Taddy po świetnym starcie w pierwszym wyścigu szczepił się z Jonnym Walkerem i przez prawie okrążenie byli zakleszczeni między swoimi motocyklami. Wyścig przerwano. Po powtórzeniu wyścigu pokonał Billy’ego Bolta, co wydarzyło się ostatnio dwa lata temu i także na Węgrzech.
W drugim wyścigu, z odwróconą kolejnością, Polak zaraz po starcie próbował dobić się do czołówki, ale korki mu to uniemożliwiły. Dokonał tego na drugim okrążeniu i objął prowadzenie.

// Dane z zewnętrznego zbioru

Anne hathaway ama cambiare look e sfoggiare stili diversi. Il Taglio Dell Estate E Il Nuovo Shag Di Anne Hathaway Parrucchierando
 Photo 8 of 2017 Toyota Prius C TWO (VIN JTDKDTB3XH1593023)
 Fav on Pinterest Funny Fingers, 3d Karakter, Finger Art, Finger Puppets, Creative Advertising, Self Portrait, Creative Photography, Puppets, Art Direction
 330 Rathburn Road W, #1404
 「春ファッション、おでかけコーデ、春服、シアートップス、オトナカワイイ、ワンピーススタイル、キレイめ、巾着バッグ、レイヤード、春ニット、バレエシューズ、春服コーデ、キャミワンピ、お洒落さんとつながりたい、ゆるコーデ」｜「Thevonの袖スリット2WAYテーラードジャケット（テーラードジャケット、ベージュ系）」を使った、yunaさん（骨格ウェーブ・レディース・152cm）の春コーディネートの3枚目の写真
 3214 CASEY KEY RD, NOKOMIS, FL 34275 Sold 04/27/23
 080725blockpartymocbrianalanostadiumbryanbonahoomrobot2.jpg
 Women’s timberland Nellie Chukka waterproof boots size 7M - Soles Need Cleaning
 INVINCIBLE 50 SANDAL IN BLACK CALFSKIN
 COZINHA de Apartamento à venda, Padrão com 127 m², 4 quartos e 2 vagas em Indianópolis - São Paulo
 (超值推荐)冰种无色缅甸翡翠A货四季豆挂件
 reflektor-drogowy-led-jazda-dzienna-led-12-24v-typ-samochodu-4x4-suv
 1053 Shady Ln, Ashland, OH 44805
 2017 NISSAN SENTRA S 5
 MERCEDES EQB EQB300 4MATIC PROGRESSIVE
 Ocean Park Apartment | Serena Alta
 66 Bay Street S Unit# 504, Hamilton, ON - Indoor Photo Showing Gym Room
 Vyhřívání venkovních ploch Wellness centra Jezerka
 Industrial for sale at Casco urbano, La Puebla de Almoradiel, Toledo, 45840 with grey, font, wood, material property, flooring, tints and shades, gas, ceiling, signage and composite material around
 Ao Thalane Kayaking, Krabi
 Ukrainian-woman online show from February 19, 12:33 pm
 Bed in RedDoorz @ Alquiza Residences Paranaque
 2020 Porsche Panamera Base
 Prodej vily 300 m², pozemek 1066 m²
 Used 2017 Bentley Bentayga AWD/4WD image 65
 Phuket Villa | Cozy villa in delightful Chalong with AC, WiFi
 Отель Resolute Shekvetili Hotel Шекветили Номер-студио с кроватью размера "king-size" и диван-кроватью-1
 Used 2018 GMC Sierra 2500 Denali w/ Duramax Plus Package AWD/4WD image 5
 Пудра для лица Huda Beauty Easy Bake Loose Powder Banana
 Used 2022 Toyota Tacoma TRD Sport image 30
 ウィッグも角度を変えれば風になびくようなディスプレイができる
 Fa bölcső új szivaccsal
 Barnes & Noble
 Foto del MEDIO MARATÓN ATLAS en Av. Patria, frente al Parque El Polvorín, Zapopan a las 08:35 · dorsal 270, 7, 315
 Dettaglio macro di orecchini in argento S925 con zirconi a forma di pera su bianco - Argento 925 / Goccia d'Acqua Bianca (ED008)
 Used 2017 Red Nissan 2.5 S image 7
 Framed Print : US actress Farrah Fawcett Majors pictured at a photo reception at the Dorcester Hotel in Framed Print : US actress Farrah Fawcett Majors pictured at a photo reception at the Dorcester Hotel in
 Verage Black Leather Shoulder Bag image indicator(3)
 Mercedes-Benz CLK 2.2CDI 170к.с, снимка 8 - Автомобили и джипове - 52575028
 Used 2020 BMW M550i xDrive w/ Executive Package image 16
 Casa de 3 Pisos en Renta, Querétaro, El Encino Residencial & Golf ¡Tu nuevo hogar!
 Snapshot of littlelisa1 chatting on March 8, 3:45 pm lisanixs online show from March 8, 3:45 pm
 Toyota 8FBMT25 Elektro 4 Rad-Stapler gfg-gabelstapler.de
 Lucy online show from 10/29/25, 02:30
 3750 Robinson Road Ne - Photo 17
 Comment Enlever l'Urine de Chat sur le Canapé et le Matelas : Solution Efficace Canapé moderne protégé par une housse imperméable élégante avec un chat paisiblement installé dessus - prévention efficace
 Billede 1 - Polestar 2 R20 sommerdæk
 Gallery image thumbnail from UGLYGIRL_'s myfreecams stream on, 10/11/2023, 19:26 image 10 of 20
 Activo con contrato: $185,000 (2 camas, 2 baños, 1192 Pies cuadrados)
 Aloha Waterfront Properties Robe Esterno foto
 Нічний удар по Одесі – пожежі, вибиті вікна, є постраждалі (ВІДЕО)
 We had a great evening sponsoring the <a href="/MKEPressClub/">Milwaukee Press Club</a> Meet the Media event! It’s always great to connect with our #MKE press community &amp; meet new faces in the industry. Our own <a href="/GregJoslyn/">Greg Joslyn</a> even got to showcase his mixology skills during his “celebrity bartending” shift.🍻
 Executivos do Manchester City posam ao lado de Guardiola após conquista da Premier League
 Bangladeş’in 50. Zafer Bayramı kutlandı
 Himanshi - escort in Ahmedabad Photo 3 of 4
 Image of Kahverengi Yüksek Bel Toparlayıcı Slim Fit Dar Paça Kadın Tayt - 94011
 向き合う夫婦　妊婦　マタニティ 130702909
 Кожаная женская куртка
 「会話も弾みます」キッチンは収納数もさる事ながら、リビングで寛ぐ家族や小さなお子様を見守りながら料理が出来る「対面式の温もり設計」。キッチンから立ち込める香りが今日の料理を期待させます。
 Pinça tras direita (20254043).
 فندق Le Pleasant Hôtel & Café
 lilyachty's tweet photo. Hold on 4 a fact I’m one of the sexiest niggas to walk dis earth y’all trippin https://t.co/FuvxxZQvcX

W połowie wyścigu został wyprzedzony przez Bolta i Walkera, ale w końcówce znowu odpalił. Wyprzedził Walkera, ale minął szachownicę minął tylko 0,1 sek szybciej niż Brytyjczyk i dwie sekundy za Billym.
Trzeci wyścig to pokaz góralskiego charakteru Błażusiaka. Po potężnym wypadku na starcie i salcie przez bandę na pierwszym zakręcie, ruszył w pogoń i na trzecim okrążeniu jechał tuż za czwórką liderów Bolt, Haaker, Walker, Webb. Błażusiak z każdym okrążeniem jechał coraz szybciej, miał najlepsze czasy okrążeń i to pozwoliło mu wskoczyć na trzeciej miejsce. Gdy atakował Haakera, zadusił motocykl i przez dłuższą chwilę nie mógł go odpalić. Gdy ruszył ponownie w pogoń, znów musiał uporać się najpierw z Webbem, a potem wziął się za Walkera, którego wyprzedził na ostatnim okrążeniu, ten jednak zdołał się jeszcze zrewanżować i przed samą metą odzyskać trzecią pozycję. To jednak wystarczyło, żeby Taddy zdobył drugie miejsce.
Wyniki GP Węgier
1. Billy Bolt - 60 punktów
2. Tadeusz Błażusiak - 50
3. Jonny Walker - 46
4. Colton Haaker - 45
5. Diogo Vieira - 30
6. Cody Webb - 30
7. Tim Apolle - 27
W klasyfikacji generalnej jest czwarty z dorobkiem 86 pkt. Prowadzi Bolt – 123 pkt przed Haakerem (88 pkt) i Walkerem (87 pkt.).